Optional named list of specification objects, one per response in objects for which you want to define a mean-level spec constraint. Each entry should be either NULL (no specs for that response) or a list with components:

lower: numeric lower limit (may be -Inf, NA, or NULL for a one-sided upper spec);
upper: numeric upper limit (may be Inf, NA, or NULL for a one-sided lower spec).

Names of specs, when provided, should be a subset of names(objects) or of the model response names (left-hand sides). The specification structure matches that used by svem_append_design_space_cols.

Details

Typical workflow

A common pattern is:

Fit one or more SVEMnet() models for the responses of interest.
Call svem_score_random() to:
- draw candidate settings in factor space,
- compute Derringer–Suich (DS) desirabilities and a combined multi-response score, and
- attach a scalar uncertainty measure derived from percentile CI widths.
Optionally provide specs to append mean-level "in spec" probabilities and joint indicators based on the SVEM bootstrap ensemble (process-mean assurance).
Use svem_select_from_score_table to:
- select one "best" row (e.g., maximizing score or wmt_score), and
- pick a small, diverse set of medoid candidates for optimality or exploration (e.g. high uncertainty_measure).
Run selected candidates, append the new data, refit the SVEM models, and repeat as needed.

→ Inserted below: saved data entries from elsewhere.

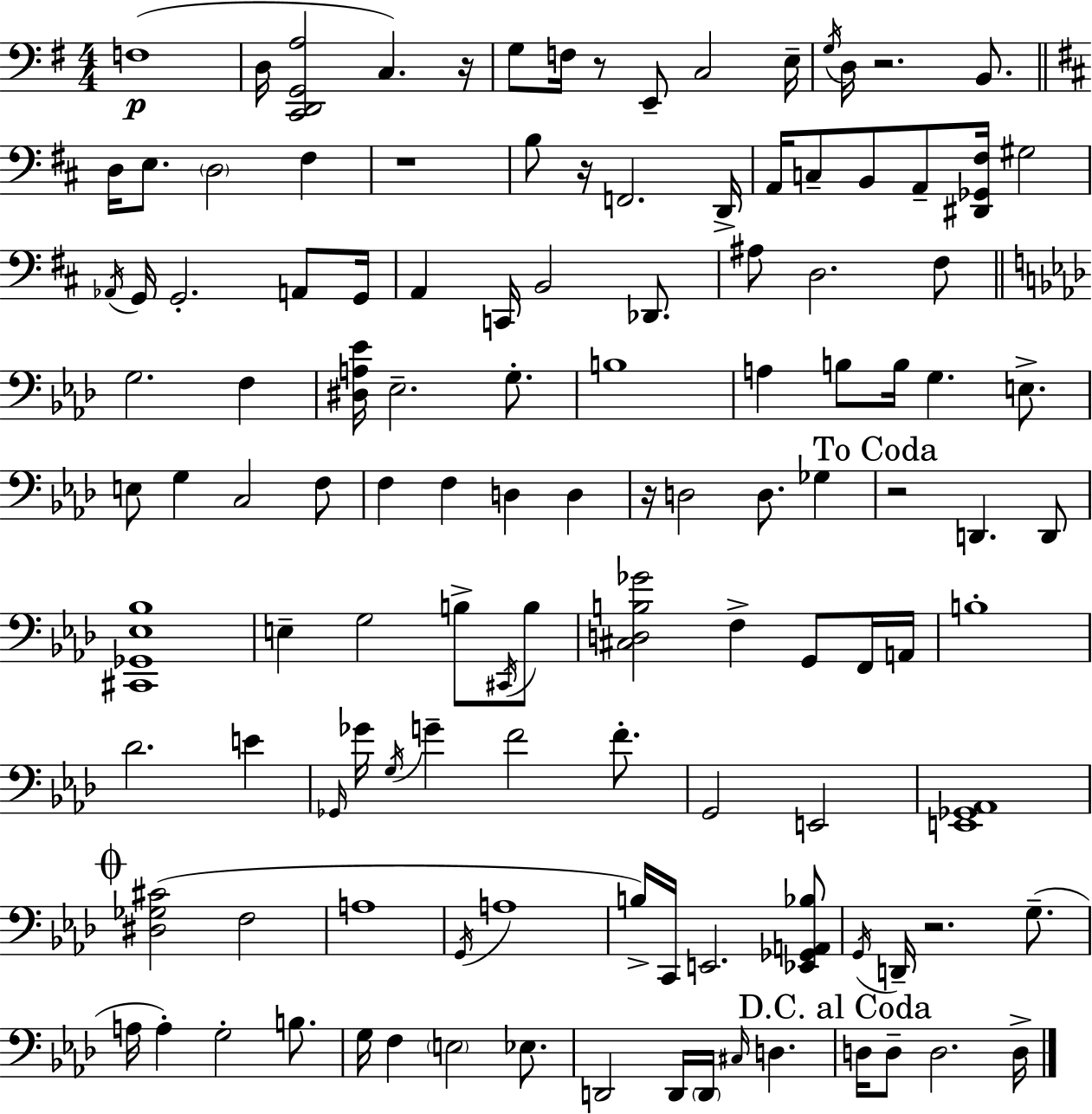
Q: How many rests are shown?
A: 8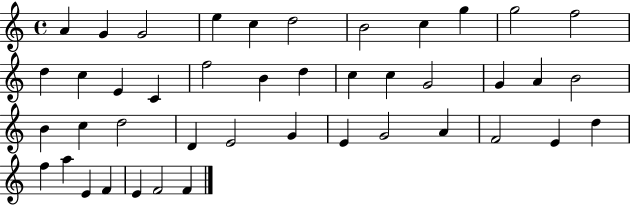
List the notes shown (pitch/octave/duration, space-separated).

A4/q G4/q G4/h E5/q C5/q D5/h B4/h C5/q G5/q G5/h F5/h D5/q C5/q E4/q C4/q F5/h B4/q D5/q C5/q C5/q G4/h G4/q A4/q B4/h B4/q C5/q D5/h D4/q E4/h G4/q E4/q G4/h A4/q F4/h E4/q D5/q F5/q A5/q E4/q F4/q E4/q F4/h F4/q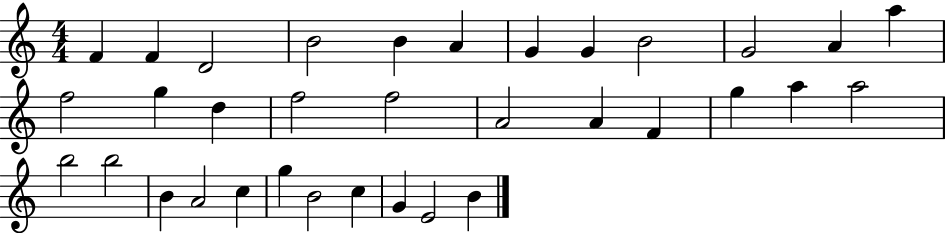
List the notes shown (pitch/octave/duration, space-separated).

F4/q F4/q D4/h B4/h B4/q A4/q G4/q G4/q B4/h G4/h A4/q A5/q F5/h G5/q D5/q F5/h F5/h A4/h A4/q F4/q G5/q A5/q A5/h B5/h B5/h B4/q A4/h C5/q G5/q B4/h C5/q G4/q E4/h B4/q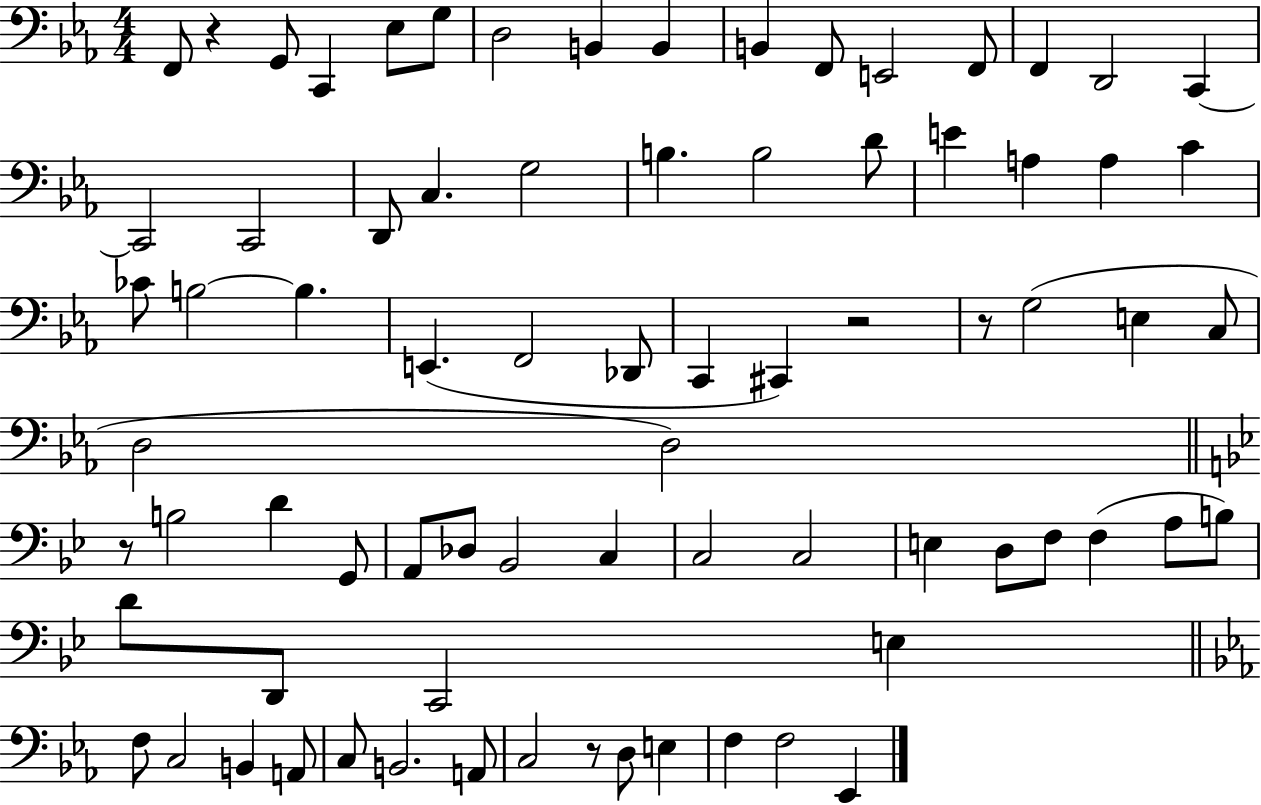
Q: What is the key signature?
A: EES major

Multi-response desirability scoring

Each response is mapped to a Derringer–Suich desirability $d_r \in [0,1]$ according to its goal:

goal = "max": larger values are better;
goal = "min": smaller values are better;
goal = "target": values near a target are best.

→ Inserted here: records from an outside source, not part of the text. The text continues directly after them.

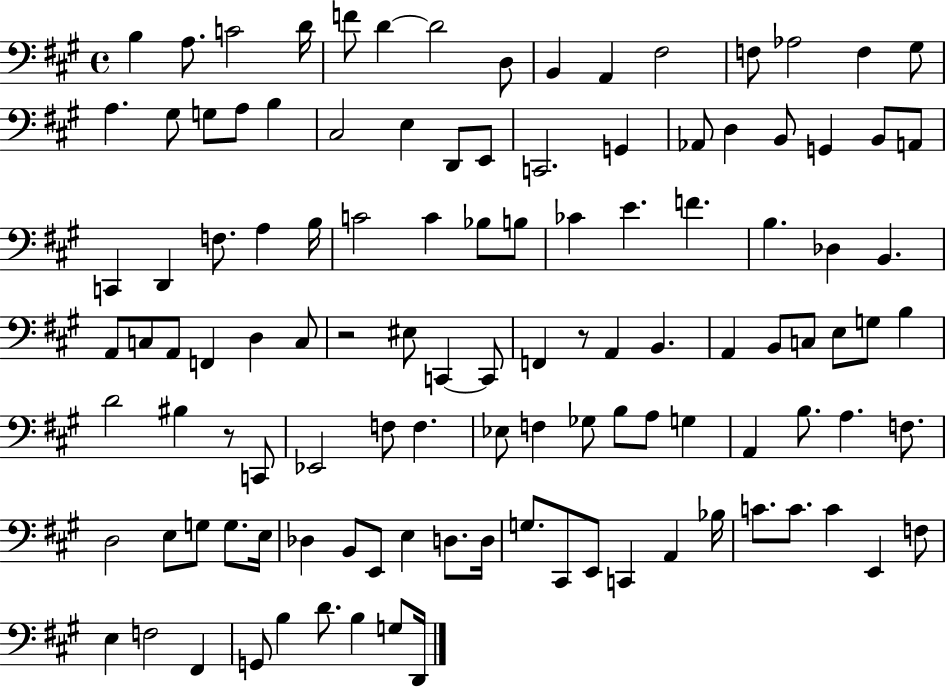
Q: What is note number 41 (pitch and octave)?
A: B3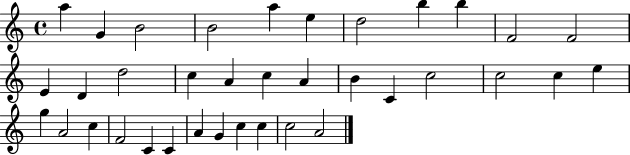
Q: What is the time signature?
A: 4/4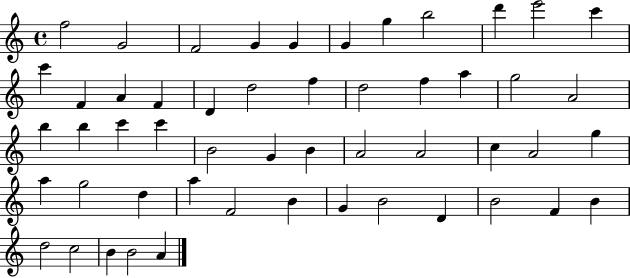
{
  \clef treble
  \time 4/4
  \defaultTimeSignature
  \key c \major
  f''2 g'2 | f'2 g'4 g'4 | g'4 g''4 b''2 | d'''4 e'''2 c'''4 | \break c'''4 f'4 a'4 f'4 | d'4 d''2 f''4 | d''2 f''4 a''4 | g''2 a'2 | \break b''4 b''4 c'''4 c'''4 | b'2 g'4 b'4 | a'2 a'2 | c''4 a'2 g''4 | \break a''4 g''2 d''4 | a''4 f'2 b'4 | g'4 b'2 d'4 | b'2 f'4 b'4 | \break d''2 c''2 | b'4 b'2 a'4 | \bar "|."
}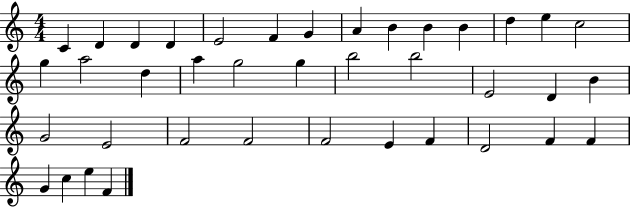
C4/q D4/q D4/q D4/q E4/h F4/q G4/q A4/q B4/q B4/q B4/q D5/q E5/q C5/h G5/q A5/h D5/q A5/q G5/h G5/q B5/h B5/h E4/h D4/q B4/q G4/h E4/h F4/h F4/h F4/h E4/q F4/q D4/h F4/q F4/q G4/q C5/q E5/q F4/q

Per-response anchors (acceptable lower/upper limits or target-band tolerances) can be supplied in goals; when not provided, robust defaults are inferred from the sampled responses using the q0.02–q0.98 span.

Per-response desirabilities are combined into a single scalar score using either:

a weighted arithmetic mean (combine = "mean"), or
a weighted geometric mean (combine = "geom"), with a small floor applied inside the log to avoid log(0).

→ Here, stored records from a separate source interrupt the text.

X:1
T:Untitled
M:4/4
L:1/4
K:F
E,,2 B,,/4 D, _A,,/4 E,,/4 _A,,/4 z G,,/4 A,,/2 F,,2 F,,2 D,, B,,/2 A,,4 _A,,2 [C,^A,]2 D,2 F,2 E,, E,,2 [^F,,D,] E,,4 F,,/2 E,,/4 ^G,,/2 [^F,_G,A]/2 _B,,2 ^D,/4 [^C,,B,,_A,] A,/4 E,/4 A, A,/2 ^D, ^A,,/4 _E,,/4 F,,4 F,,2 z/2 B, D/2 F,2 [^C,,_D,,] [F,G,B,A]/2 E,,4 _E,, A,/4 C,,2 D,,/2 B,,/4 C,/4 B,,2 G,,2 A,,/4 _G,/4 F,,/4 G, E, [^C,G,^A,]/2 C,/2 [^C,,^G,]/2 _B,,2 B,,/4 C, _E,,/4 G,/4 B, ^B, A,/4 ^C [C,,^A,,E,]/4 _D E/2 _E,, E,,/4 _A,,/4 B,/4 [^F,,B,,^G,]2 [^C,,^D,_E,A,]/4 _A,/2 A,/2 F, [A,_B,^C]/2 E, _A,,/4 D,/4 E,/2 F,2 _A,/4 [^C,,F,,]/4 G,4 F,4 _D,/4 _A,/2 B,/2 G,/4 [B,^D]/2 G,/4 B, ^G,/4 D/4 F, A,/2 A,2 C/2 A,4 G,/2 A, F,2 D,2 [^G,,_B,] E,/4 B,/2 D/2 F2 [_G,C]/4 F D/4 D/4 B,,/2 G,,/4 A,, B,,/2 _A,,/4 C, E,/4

User-provided weights in goals[[resp]]$weight are normalized to sum to one and always define weights_original and the user-weighted score.

Whole-model reweighting (WMT)

When a WMT object from svem_wmt_multi is supplied via the wmt argument, each response receives a multiplier derived from its whole-model p-value. Final WMT weights are proportional to the product of the user weight and the multiplier, then renormalized to sum to one: $$w_r^{(\mathrm{final})} \propto w_r^{(\mathrm{user})} \times m_r,$$ where $m_r$ comes from wmt$multipliers. The user weights always define score; the WMT-adjusted weights define wmt_score. The uncertainty measure is always weighted using the user weights, even when WMT is supplied.

Binomial responses. If any responses are fitted with family = "binomial", supplying a non-NULL wmt object is not allowed and the function stops with a clear error. Predictions and CI bounds for binomial responses are interpreted on the probability (response) scale and clamped to [0, 1] before desirability and uncertainty calculations.

Uncertainty measure

The uncertainty_measure is a weighted sum of robustly normalized percentile CI widths across responses. For each response, we compute the bootstrap percentile CI width $\mathrm{CIwidth}_r(x) = u_r(x) - \ell_r(x)$ and then map it to the unit interval using an affine rescaling based on the empirical q0.02 and q0.98 quantiles of the CI widths for that response (computed from the table being scored): $$ \tilde W_r(x) = \frac{ \min\{\max(\mathrm{CIwidth}_r(x), q_{0.02}(r)), q_{0.98}(r)\} - q_{0.02}(r) }{ q_{0.98}(r) - q_{0.02}(r) }. $$ The scalar uncertainty_measure is then $$ \text{uncertainty}(x) = \sum_r w_r \, \tilde W_r(x), $$ where $w_r$ are the user-normalized response weights derived from goals[[resp]]$weight. Larger values of uncertainty_measure indicate settings where the ensemble CI is relatively wide compared to the response's typical scale and are natural targets for exploration.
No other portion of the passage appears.